I forgot to add, and I still can't believe it, but I did every single nail and piece in this thing with no help by myself. I guess If you want to do something bad enough you will find a way lol


----------



## hyunelan2 (Aug 14, 2007)

Looks nice, great progress and pictures. I want one!


----------



## DexterII (Jul 14, 2010)

Good job. Your framing is fine; it will dry once you get it covered. Now, it's really great to be able to say "I did it", but it looks like you live in a nice neighborhood, which I am sure has a lot of nice people, so as your aching body has already told you, get some help before trying to lift the sheathing up to the roof, etc.


----------



## J S Machine (Oct 6, 2009)

This site used to have alot more replies. Where did all the help go? 

I'm wondering if I have everything I need in my roof framing. Do I need to have some bracing up there of some sort? It just doesn't seem supported enough for me.


----------



## SteelToes (Oct 5, 2010)

J S Machine said:


> This site used to have alot more replies. Where did all the help go?
> 
> I'm wondering if I have everything I need in my roof framing. Do I need to have some bracing up there of some sort? It just doesn't seem supported enough for me.


Looks nice!
But where is the foam sill-plate gasket ?
Also how did you attach those bottom plates to the slab ?


----------



## J S Machine (Oct 6, 2009)

SteelToes said:


> Looks nice!
> But where is the foam sill-plate gasket ?
> Also how did you attach those bottom plates to the slab ?
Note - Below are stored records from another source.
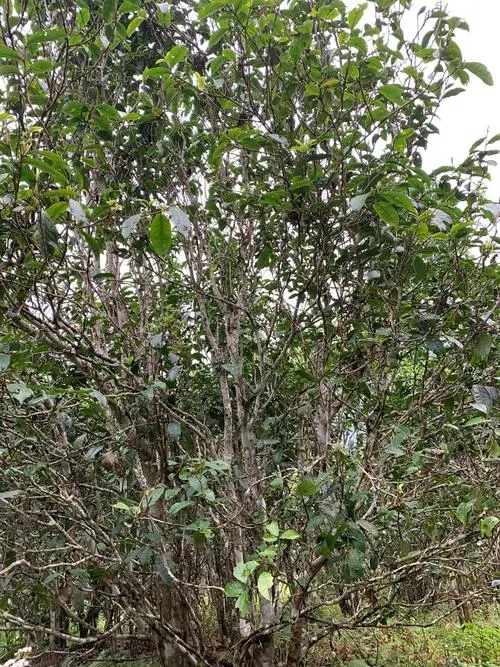 2022年刮風(fēng)寨茶王茶古樹春茶口感？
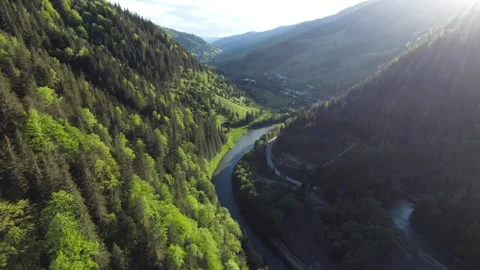FPV drone dive over forest towards a river Stock Footage 275095577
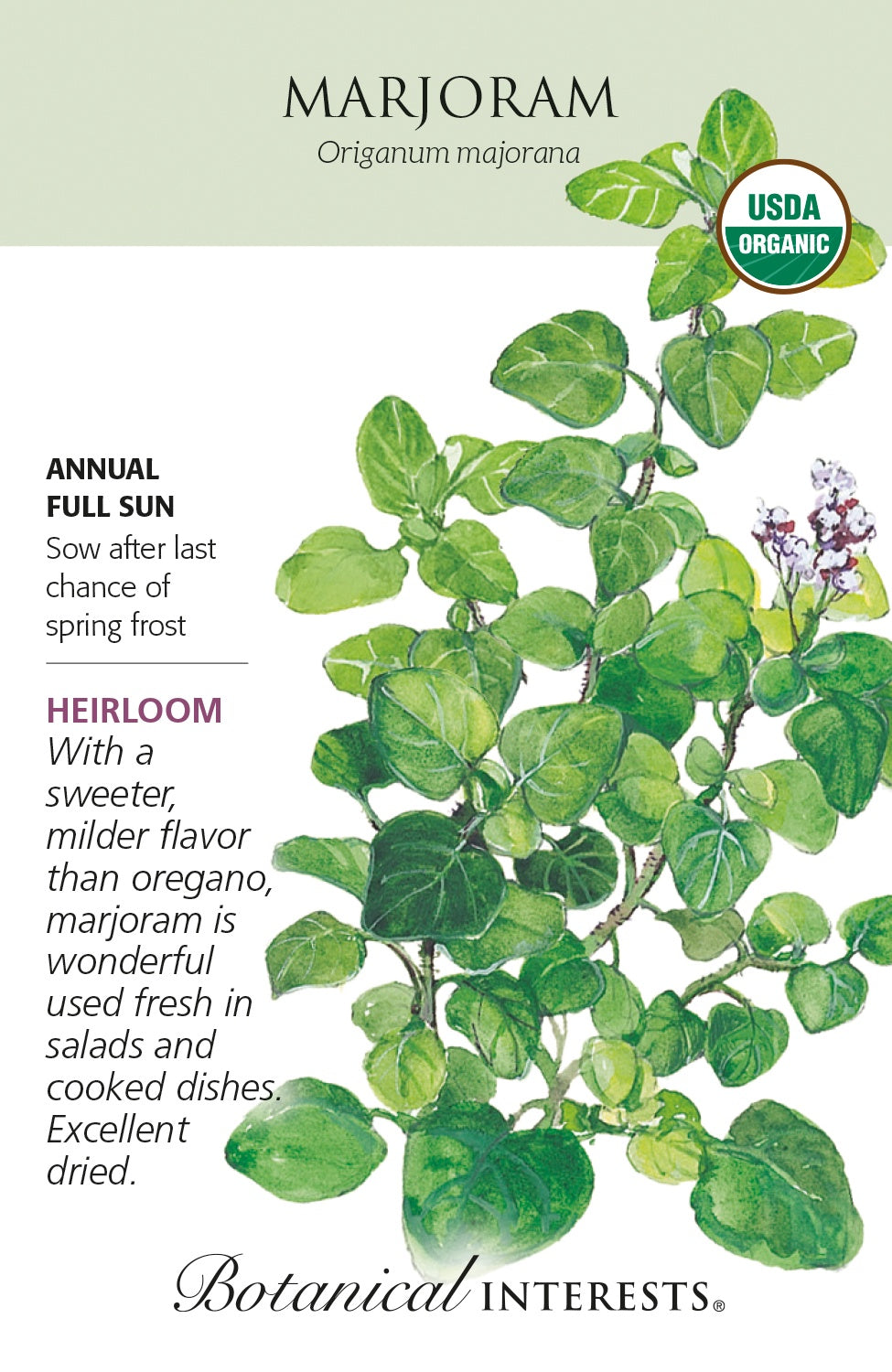 Seeds | Marjoram - Botanical Interests® - Organic
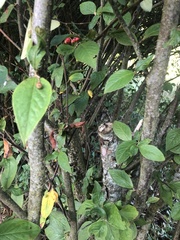 Cotoneaster bullatus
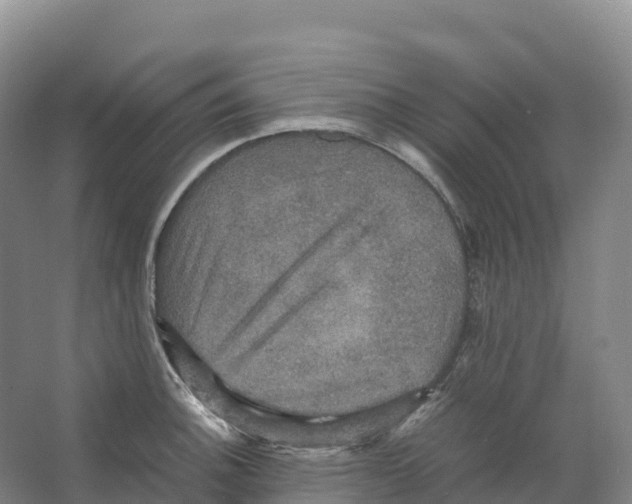 X0000066541140200604141859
No foam gasket was ever mentioned as a requirement by the building inspector here in AL. I've never seen a house in construction with them either. The plates are attached with 1/2" concrete anchors.


----------



## waterman1971 (Apr 19, 2009)

Great job JS outstanding! If you can do all that in a few days, the shingles will be easy.


----------



## SteelToes (Oct 5, 2010)

J S Machine said:


> No foam gasket was ever mentioned as a requirement by the building inspector here in AL. I've never seen a house in construction with them either. The plates are attached with 1/2" concrete anchors.


That's because you are using PT for the bottom plates so there is no need for capilary break.
I use it ,it is inexpenisive and to some extent seals the gaps in between bottom plate and concrete preventing heat loss and acts as a barrier to insects.

What kind of anchors ?
Red Heads ? Are they galvanized?
What about the overhang ?


----------



## J S Machine (Oct 6, 2009)

yes those are PT bottom plates. 

Not sure on the specific type of anchors. The have a small collar that expands as the nut is tightened and pulls the bolt up. Holes drilled in slab were 1/2". they are galvanized.


----------



## SteelToes (Oct 5, 2010)

Good job that is going to be one nicely build shop.
Post some pictures when you are done!


----------



## CookeCarpentry (Oct 17, 2009)

J S Machine said:


> This site used to have alot more replies. Where did all the help go?
> 
> I'm wondering if I have everything I need in my roof framing. Do I need to have some bracing up there of some sort? It just doesn't seem supported enough for me.


Sheath your walls first.

Add a simpson H2 hurricane clip to each rafter.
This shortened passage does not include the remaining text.